After one of the great master chefs of our country, we present you another of the clearest examples of our culinary culture. With all of you, Carme Ruscalleda and its Forvm vinegars recipe. Enjoy!

Ingredients

  • 1 watercress bunch
  • 1 arugula bunch
  • 1 endive
  • 30 g of pitted dates
  • 2 Apple Golden
  • 200 g of dry cheese Mahon (single block)
  • 150 ml of olive oil
  • 20 ml Forvm Cabernet Sauvignon vinegar
  • mustard
  • pepper and salt

Ingredients for the calvados gelatin (optional)

  • 50 ml of calvados
  • 100 ml water
  • 50g sugar
  • 2 sheets of gelatin 2 g each

Elaboration 

  1. Put the gelatin sheets into cold water to hydrate. Meanwhile, put the saucepan on the fire and add the water and sugar, when it starts to boil, take the pan of the fire and add the gelatin sheets.
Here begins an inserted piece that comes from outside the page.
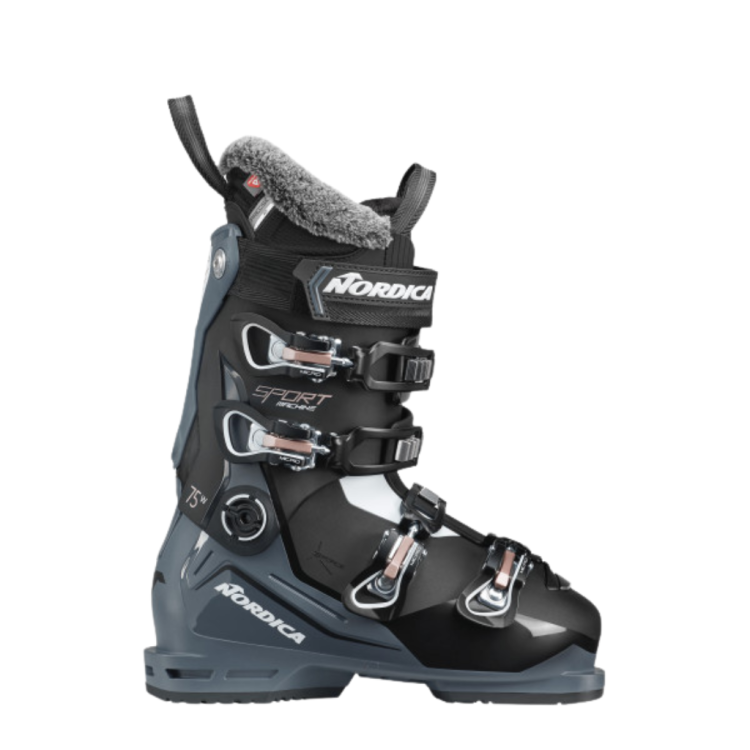 Buty narciarskie Nordica Sportmachine damskie 3 75 W czarno - szare1.png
Add the calvados and keep everything in a suitable container in the refrigerator.
  2. Wash vegetables salad (watercress, arugula and endive) and set aside.
  3. Reserve also apple (and cut into thin slices short time before finishing to mount the salad).
  4. Just before finishing the salad, break the MAHÓN cheese into unshaped pieces (best to be done with a stylus, or if you don’t have one, with an oyster knife or any other  strong knife) .
  5. Cut the dates into tiny dice, mix them with oil, Cabernet Sauvignon  FORVM vinegar, salt, pepper and mustard, and then set aside.
  6. To serve, dispose the vegetables into the bowl and mix the fine apple slices. Add the Mahon cheese and the  jelly cut into perfect cubes and add the date vinaigrette.
  7. Another more laborious presentation is to place everything into a lettuce leave and  tie it with a stalk of chives and serve it as if it were a vegetable bundle.